Ferreira desafiou Silva Reis para regressar ao centro histórico. O gestor, entusiasmado pela dinâmica turística que invade as margens do Douro e leva um milhão de visitantes às caves, arriscou 2,6 milhões no novo formato que ambiciona tornar-se uma referência no circuito dos apreciadores de vinho à procura, na linguagem moderna, de novas experiências.

Na designação do centro - 17.56 Museu & Enoteca - o ponto que separa os dois números é "o traço simbólico que liga a tradição e história com uma visão de modernidade", realça Pedro Silva Reis. O museu reúne peças que se encontravam dispersas pela sede da RCV, quintas e do espólio do museu do Douro e é uma pequena amostra de um acervo de 8 mil livros e um milhão de documentos ligados à demarcação do Douro.

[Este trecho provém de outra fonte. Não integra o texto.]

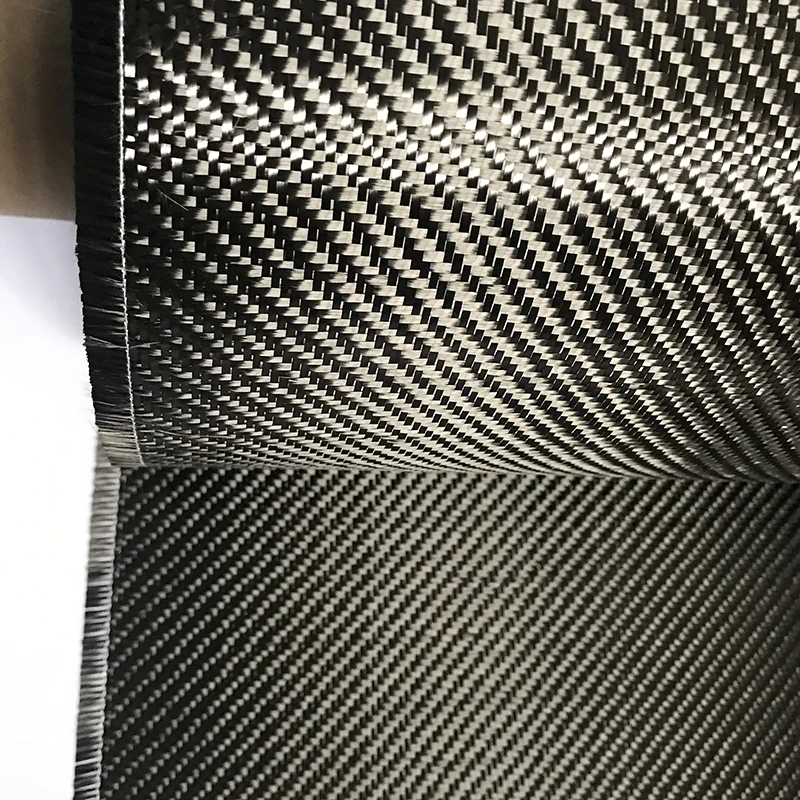 200g light weight carbon fiber leather fabric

Nos dois pisos (o restaurante, com terraço e capacidade para 190 pessoas fica no andar superior) a RCV ocupa 3000 metros quadrados, 10% da área do novo polo empresarial. A enoteca terá um catálogo cosmopolita, acolhendo vinhos das grandes regiões do velho mundo e uma oferta gastronómica alargada.

No Douro, a RCV prepara um investimento de 6 milhões de euros no reforço da componente enoturística da quinta das Carvalhas, no Pinhão, sinalizada pela famosa Casa Redonda. É a transformação de uma série de alojamentos abandonados em 15 quartos de luxo, com abertura prevista para 2020.

A PPP pombalina

A RCV foi a única companhia pombalina que sobreviveu. Na origem, traduz uma parceria público-privada do tempo de Pombal, em que o Estado concedia prerrogativas monopolistas e uma remuneração fixa (4%) aos 208 acionistas privados, durante os 20 anos de concessão. Os estatutos deixavam claro que todos os riscos da operação ficavam do lado dos privados. O capital social da companhia era de 200 mil cruzados, realizado em ações de 400 mil réis (um cruzado valia 400 réis).

Inaugura uma nova era da contabilidade, é um instrumento de combate ao domínio inglês no vinho do Porto, cobra impostos e tem um programa de ação tão vasto que interfere na educação (paga aos professores do norte do país e lança o embrião da universidade) e financia obras públicas na região. No fim do século XIX, as exportações dos vinhos do Porto representavam 50% das vendas de Portugal ao exterior - agora pesam 0,5% do total.

Cem anos após a sua fundação, a RCV perde os privilégios monopolistas e o caráter público e passa a operar em mercado livre, em condições de igualdade com os demais concorrentes. Lendo a história, "concluiu-se que é quase um milagre a empresa estar viva, tais as adversidades que enfrentou e carrega um passado glorioso que é um exemplo de notável resistência", diz Pedro Silva Reis, que conduz há 17 anos a empresa da família e conta já com um filho na primeira linha da direção.

A RCV ficou abalada com as invasões napoleónicas, fornecendo sem receber vinho às partes em conflito, com o confisco de stocks e créditos no Brasil aquando da independência do país e sobreviveu quando o exército miguelista lhe queimou 20 mil pipas de vinho. Ultrapassou também a intervenção estatal (quatro anos), após o 25 de abril de 1974.

Na versão atual a RCV conta, através da comissão liquidatária da Casa do Douro, com um sócio público que detém 30% do capital. É uma acionista silencioso e distante que nem se faz representar nas assembleias anuais de acionistas.